The database comprises a total of 2180 observations, as depicted in
Table 1. As verified, Angola and Mozambique account for most of the data, with the latter holding nearly fifty percent of the total observations and the most recent ones.
In order to comprehend the impact of corruption on foreign direct investment, the dependent variable (FDI) is defined as the proportion of private foreign ownership of a firm, a variable that varies between zero and 1 (or 0% and 100%). The independent and control variables considered in the analysis are the following:
- ♦
Corruption, a dummy variable equal to 1 if the firm considers that corruption is a major obstacle to its activity and zero otherwise. According to
Escresa and Picci (
2017), differences between the Public Administration Corruption Index (PACI) and perception-based measures are not systematically driven. Thus, a perception-based corruption variable like the one we employ in this study may be a good proxy for actual levels of corruption and has been employed extensively in the literature (see, e.g.,
L. Martins et al., 2020). Regarding this variable, studies tend to diverge between those who argue that corruption hinders FDI (see
Wei, 2000;
Asiedu, 2006;
Sabir et al., 2019;
Yahyaoui, 2023), and those who defend that corruption can positively impact foreign investment (
Bardhan, 1997;
Gossel, 2018).
- ♦
- ♦
Investment, a dummy variable equal to one if the firm purchased any new or used fixed assets (e.g., machinery, vehicles, equipment, land, or buildings) and zero otherwise. Several studies have concluded that investment may boost FDI, being a relevant FDI determinant in many cases (
Asiedu, 2006;
Du et al., 2012;
Cerdeira & Fortuna, 2025).
- ♦
Credit, a dummy variable equal to 1 if the firm has access to a line of credit and zero otherwise. The literature has shown that easier access to finance is associated with higher FDI inflows (
Boğa, 2019).
- ♦
Manager’s experience, defined as the years of the top manager’s experience working in the firm’s sector and considered as a proxy for human capital, which several studies identify as a key FDI determinant (
Asiedu, 2006;
Cerdeira & Fortuna, 2025).
- ♦
Inadequate workforce, a dummy variable equal to one if the firm identifies an inadequately educated workforce as a major constraint to the firm’s activities and zero otherwise. Studies have shown that an educated labor force leads to increased levels of FDI (
Asiedu, 2006).
- ♦
Tax rates, a dummy variable equal to 1 if the firm perceives tax rates to be a major constraint and zero otherwise. This variable shall be taken into consideration, given that research has concluded that higher tax rates on firms deter FDI (
Wei, 2000).
- ♦
Political instability, in lieu of weak institutions, a dummy variable equal to 1 if firms identify political instability as a major constraint and zero otherwise. Research has concluded that poor institutionalization and an unstable political scenery tend to dissuade FDI (
Wei & Shleifer, 2000;
Asiedu, 2006).
- ♦
Size, determined by the number of workers of the firm. Research has shown that larger companies tend to attract more foreign investment, because internationalization is more easily achievable for them, in contrast to smaller companies (
R. Martins et al., 2021).
- ♦
Age, determined by the number of years since the firm began its operations. Given the existence of learning effects, age is a proxy for the firm’s experience and may be a relevant determinant of FDI (
Fan & Wang, 2021;
Cerdeira & Fortuna, 2025).
Table 2 exhibits the descriptive statistics of the variables in the analysis. The dataset exhibits some variability as the standard deviation for FDI is higher than the corresponding mean. Overall, 20.96% of the firms are at least partially owned by foreign agents, while 79.04% are domestic firms (i.e., with the proportion of private foreign ownership equal to zero). On average, 14.4% of the firms’ capital is owned by foreign agents, with some firms being fully owned by domestic agents and others wholly owned by foreign agents.

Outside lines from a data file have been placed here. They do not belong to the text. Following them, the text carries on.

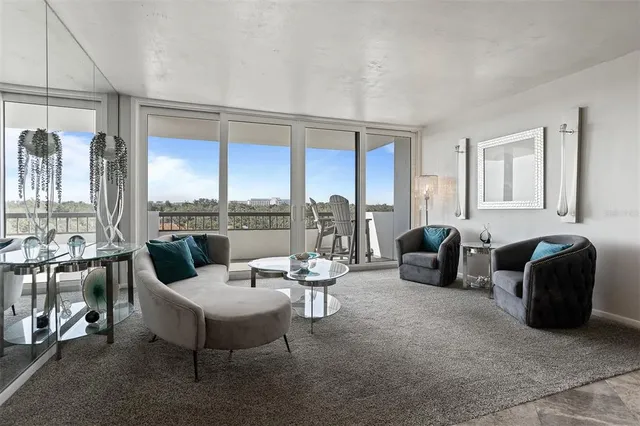 a kitchen with granite countertop stainless steel appliances and wooden cabinets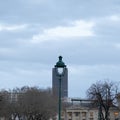 Square and funny view over a parisian street lamp with trees, Montparanasse tower and anciet buidlings Royalty Free Stock Photo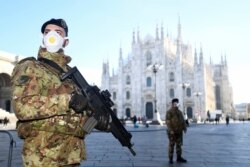 Мілан, Італія, 24 лютого 2020 року: закритий через спалах хвороби Міланський собор і військові патрулі в масках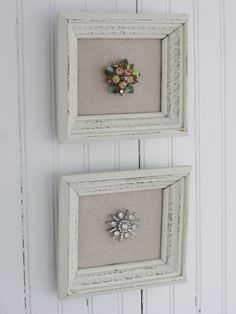 two framed pictures hanging on the wall next to each other, one with a brooch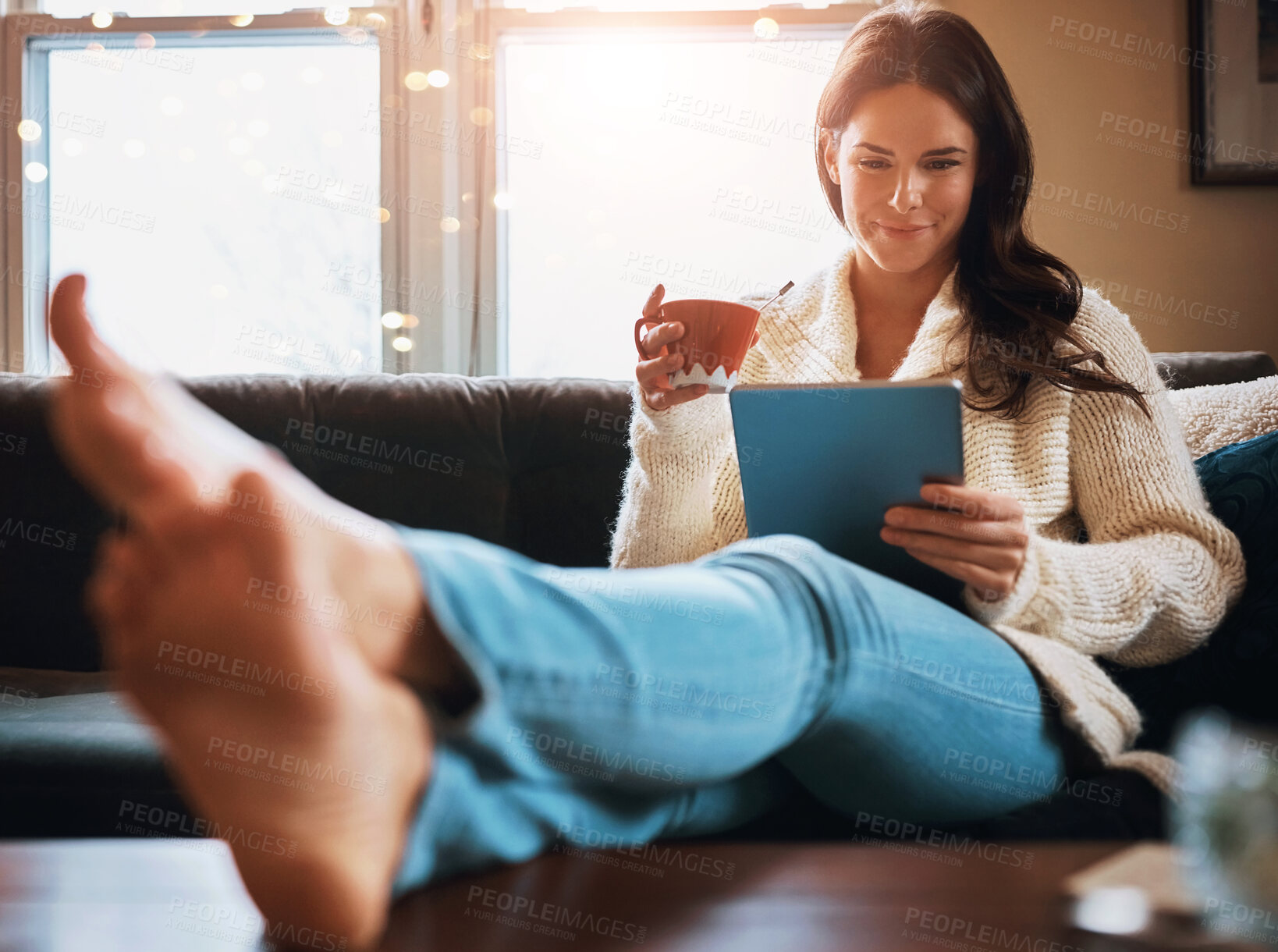 Buy stock photo Woman, happy and with coffee on tablet or sofa for social media, ebook and entertainment. Female person, home and living room on couch with smile for online or internet news and articles to relax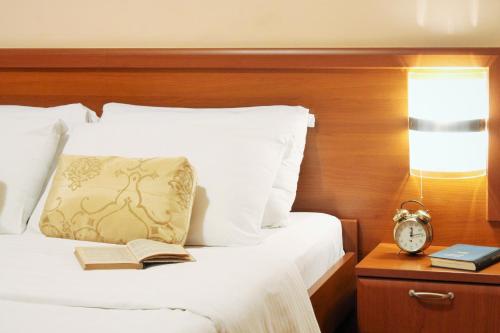 贝尔格莱德雷克斯酒店的一间卧室,配有一张带时钟和书籍的床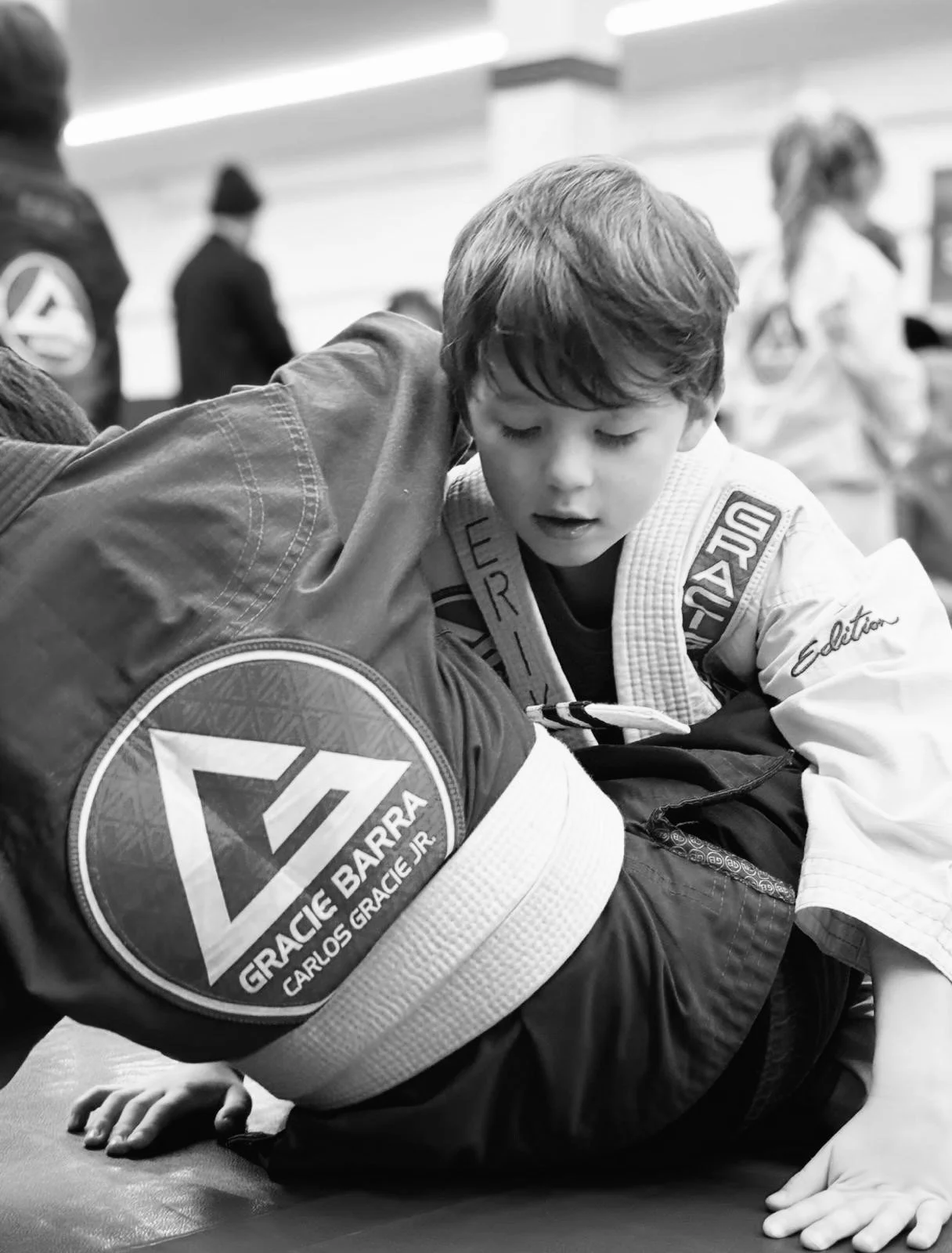 A young boy practicing Brazilian Jiu-Jitsu on an adult training partner, who is wearing a gi with a patch that reads 'Grace Barra.' The boy appears focused, and the background shows other practitioners and instructors in a martial arts training facility.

As for the independent variables, 12% of the firms report that corruption is a major obstacle to the firm’s activity. On average, around 4% of the firms’ sales are exported, although the variability is very high, as indicated by the corresponding standard deviation. Around 39.7% of the firms purchased fixed assets and 11.2% of the firms have access to a line of credit. On average, the top manager has nearly fourteen years of experience in the firm’s sector. However, the amplitude of values is high, considering that, in some cases, the manager only has one year of experience, while in others about sixty years. As for the workforce, 19.5% of the firms identify an inadequately educated workforce as a major constraint to the firm’s activities. Interestingly, less than half of the firms consider political instability as a pressing issue, nor do they perceive tax rates to be a significant constraint. In fact, 23.1% of the firms identify political instability as a major constraint, while 28% of the firms consider tax rates to be a relevant obstacle to the firm’s activity. Finally, the average age of the firm is around 13 years, and the average number of workers per firm is around 38. However, the data exhibits high variability in these variables, with age varying from 1 to 110 years and the number of workers ranging from 1 to 2000.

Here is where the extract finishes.